Kementerian Ekonomi, Perdagangan dan juga Industri Negeri Matahari Terbit akan segera mengumumkan 13 proyek percontohan yang digunakan dipilih untuk mendapatkan bantuan gabungan sebesar USD238 jt dari negara.

Proyek-proyek tersebut, yang dimaksud berlokasi pada negara-negara anggota Perhimpunan Bangsa-Bangsa Asia Tenggara, akan melibatkan pengembangan teknologi dan juga penanaman modal modal yang digunakan diharapkan dapat memberikan keunggulan kompetitif bagi bidang usaha Jepun di area kawasan serta melawan pengaruh Tiongkok.

Bantuan pemerintah akan berasal dari kegiatan subsidi 140 miliar yen yang memiliki target pembangunan ekonomi pada negara-negara Selatan yang dimaksud dialokasikan tahun lalu.

Seperti dilansir dari Asia Nikkei, semikonduktor akan menjadi bagian penting dari proyek rantai pasokan.

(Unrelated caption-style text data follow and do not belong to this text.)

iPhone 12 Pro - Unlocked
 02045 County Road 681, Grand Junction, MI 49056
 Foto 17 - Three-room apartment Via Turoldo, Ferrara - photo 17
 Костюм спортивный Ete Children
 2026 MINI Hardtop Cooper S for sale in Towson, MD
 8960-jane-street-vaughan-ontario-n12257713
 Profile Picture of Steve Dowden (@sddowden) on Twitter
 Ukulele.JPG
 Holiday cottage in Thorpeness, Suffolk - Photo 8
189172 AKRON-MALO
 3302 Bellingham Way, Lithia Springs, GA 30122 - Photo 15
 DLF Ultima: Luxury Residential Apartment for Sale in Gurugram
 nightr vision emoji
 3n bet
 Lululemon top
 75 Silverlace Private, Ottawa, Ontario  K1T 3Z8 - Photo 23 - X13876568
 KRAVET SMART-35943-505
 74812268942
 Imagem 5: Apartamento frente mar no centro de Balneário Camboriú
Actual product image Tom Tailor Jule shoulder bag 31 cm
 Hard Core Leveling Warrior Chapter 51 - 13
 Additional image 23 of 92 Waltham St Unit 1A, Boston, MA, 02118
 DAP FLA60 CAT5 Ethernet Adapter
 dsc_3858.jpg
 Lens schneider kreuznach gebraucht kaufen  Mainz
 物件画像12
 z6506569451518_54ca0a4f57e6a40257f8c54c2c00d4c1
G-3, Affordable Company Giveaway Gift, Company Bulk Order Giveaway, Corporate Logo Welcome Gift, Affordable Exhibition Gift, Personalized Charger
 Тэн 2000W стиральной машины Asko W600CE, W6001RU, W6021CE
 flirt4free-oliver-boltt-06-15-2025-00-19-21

Tokyo berencana untuk memperkuat lini produksi pengemasan chip yang tersebut dibangun oleh Mitsumi Electric pada Filipina.

Jalur ini akan memungkinkan proses front-end kemudian back-end ditangani di area Negeri Matahari Terbit juga Filipina.

Pemerintah Negeri Matahari Terbit juga akan mensubsidi operasi manufaktur Tokuyama di dalam Vietnam, pemimpin dunia di silikon polikristalin yang tersebut digunakan pada semikonduktor.